Go through the lines below, tally those that include the word "from", and give only the tally.

[Caption-style text data]
- - - - - - -

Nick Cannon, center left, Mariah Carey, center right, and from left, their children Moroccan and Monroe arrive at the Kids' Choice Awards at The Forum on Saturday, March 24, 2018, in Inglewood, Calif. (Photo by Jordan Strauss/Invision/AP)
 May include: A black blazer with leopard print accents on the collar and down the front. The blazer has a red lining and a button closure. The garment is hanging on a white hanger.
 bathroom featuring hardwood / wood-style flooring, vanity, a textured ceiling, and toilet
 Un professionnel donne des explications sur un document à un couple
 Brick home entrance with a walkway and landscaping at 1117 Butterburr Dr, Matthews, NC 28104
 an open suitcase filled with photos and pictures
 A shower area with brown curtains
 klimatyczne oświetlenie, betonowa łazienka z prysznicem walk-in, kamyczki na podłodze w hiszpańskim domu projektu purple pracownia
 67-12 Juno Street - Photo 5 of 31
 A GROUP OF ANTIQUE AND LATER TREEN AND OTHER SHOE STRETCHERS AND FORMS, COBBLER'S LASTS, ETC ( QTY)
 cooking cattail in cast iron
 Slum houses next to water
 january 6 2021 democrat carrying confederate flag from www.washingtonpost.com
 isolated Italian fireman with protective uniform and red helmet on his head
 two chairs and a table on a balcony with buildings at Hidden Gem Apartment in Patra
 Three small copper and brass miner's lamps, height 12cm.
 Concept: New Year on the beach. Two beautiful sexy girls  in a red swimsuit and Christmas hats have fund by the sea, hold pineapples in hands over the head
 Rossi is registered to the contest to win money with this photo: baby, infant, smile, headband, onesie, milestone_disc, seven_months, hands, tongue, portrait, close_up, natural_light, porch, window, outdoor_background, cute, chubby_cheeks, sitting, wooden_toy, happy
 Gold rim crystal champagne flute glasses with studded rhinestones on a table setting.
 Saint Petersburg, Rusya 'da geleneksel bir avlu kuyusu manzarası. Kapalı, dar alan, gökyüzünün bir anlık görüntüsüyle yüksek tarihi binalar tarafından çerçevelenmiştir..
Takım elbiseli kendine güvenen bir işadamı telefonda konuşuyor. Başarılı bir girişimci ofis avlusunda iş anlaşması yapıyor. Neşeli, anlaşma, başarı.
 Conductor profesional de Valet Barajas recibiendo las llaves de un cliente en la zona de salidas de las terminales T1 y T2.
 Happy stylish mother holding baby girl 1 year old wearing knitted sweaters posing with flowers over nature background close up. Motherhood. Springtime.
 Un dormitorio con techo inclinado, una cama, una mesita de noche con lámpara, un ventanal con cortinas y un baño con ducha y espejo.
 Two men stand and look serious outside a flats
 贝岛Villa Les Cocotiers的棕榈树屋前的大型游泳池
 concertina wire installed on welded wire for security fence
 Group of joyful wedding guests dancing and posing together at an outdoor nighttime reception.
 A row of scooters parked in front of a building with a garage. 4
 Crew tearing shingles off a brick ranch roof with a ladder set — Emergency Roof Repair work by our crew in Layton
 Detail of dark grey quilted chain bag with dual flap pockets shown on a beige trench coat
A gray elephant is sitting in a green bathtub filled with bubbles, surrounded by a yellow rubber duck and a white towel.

- - - - - - -

ANSWER TO THIS TASK:
2